▸ **WHAT THE EXERCISE ASKS**:
Set down again each entry exactly as it reads, pictures excluded.

▸ **SUPPLIED RECORDS**:
----------------

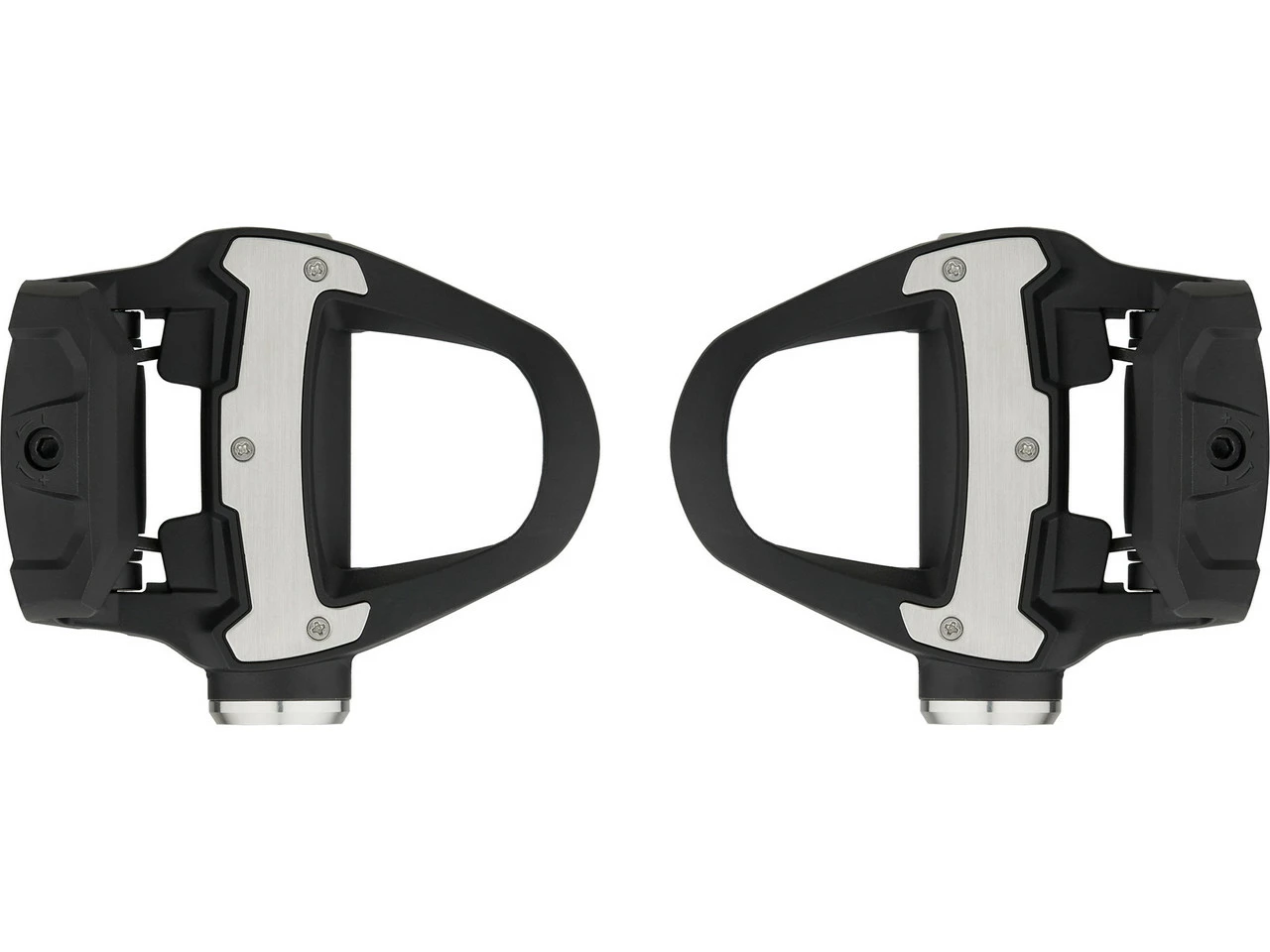 Garmin Rally RS Pedalkörper Wechsel-Kit 3 Garmin Rally RS Pedalkörper Wechsel-Kit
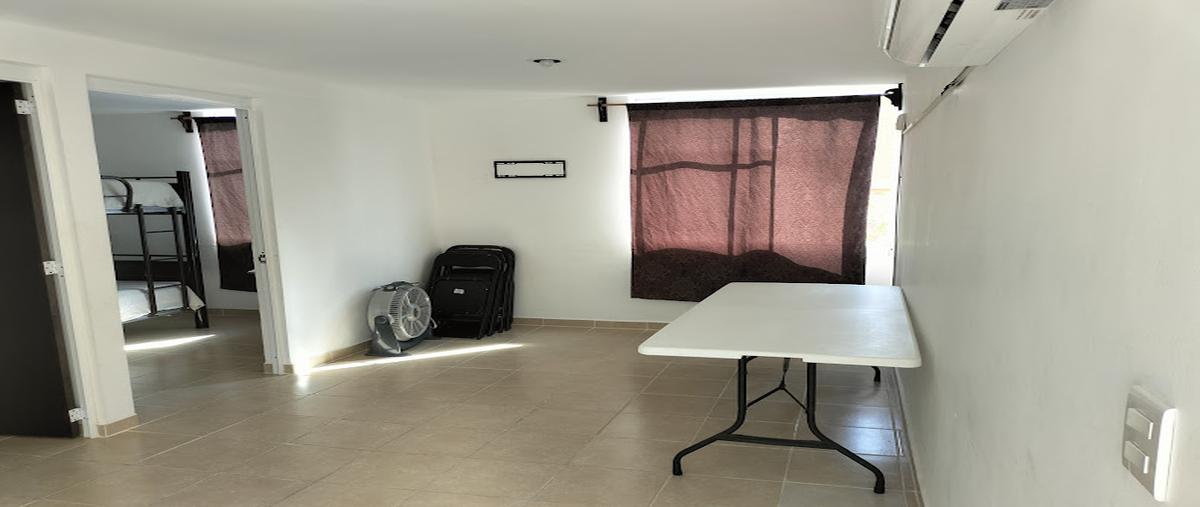 Foto de departamento en venta en  , sector h3, santa maría huatulco, oaxaca, 0 No. 03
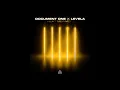 Document One & Levela - Heat Beams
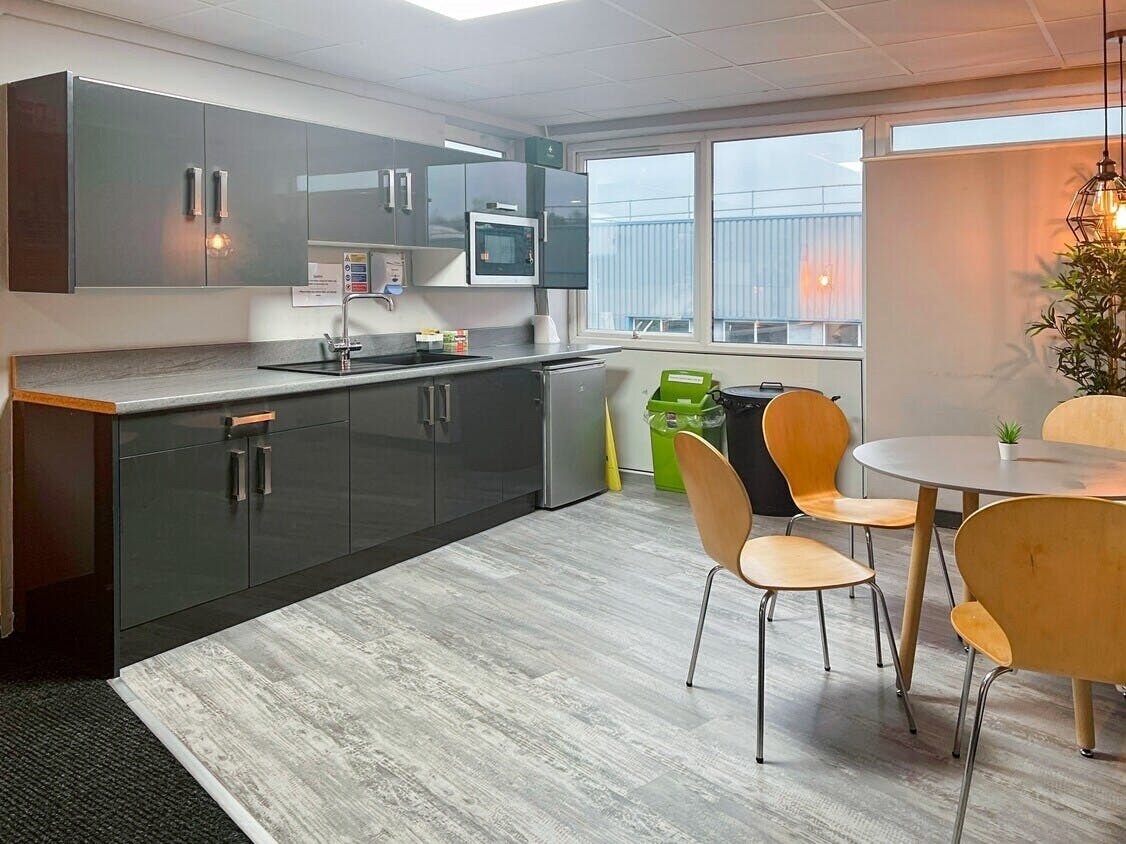 Richardshaw Rd, Pudsey à louer Photo de l’immeuble– Image 1 sur 3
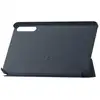 Image de Housse tablette XIAOMI Redmi Pad 2 9,7 pouces avec support Gris - Neuf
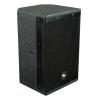 PROEL SOUND LTX6P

----------------

▸ **OUTPUT OF THE EXERCISE**:
 Garmin Rally RS Pedalkörper Wechsel-Kit 3 Garmin Rally RS Pedalkörper Wechsel-Kit
 Foto de departamento en venta en  , sector h3, santa maría huatulco, oaxaca, 0 No. 03
 Document One & Levela - Heat Beams
 Richardshaw Rd, Pudsey à louer Photo de l’immeuble– Image 1 sur 3
 Image de Housse tablette XIAOMI Redmi Pad 2 9,7 pouces avec support Gris - Neuf
 PROEL SOUND LTX6P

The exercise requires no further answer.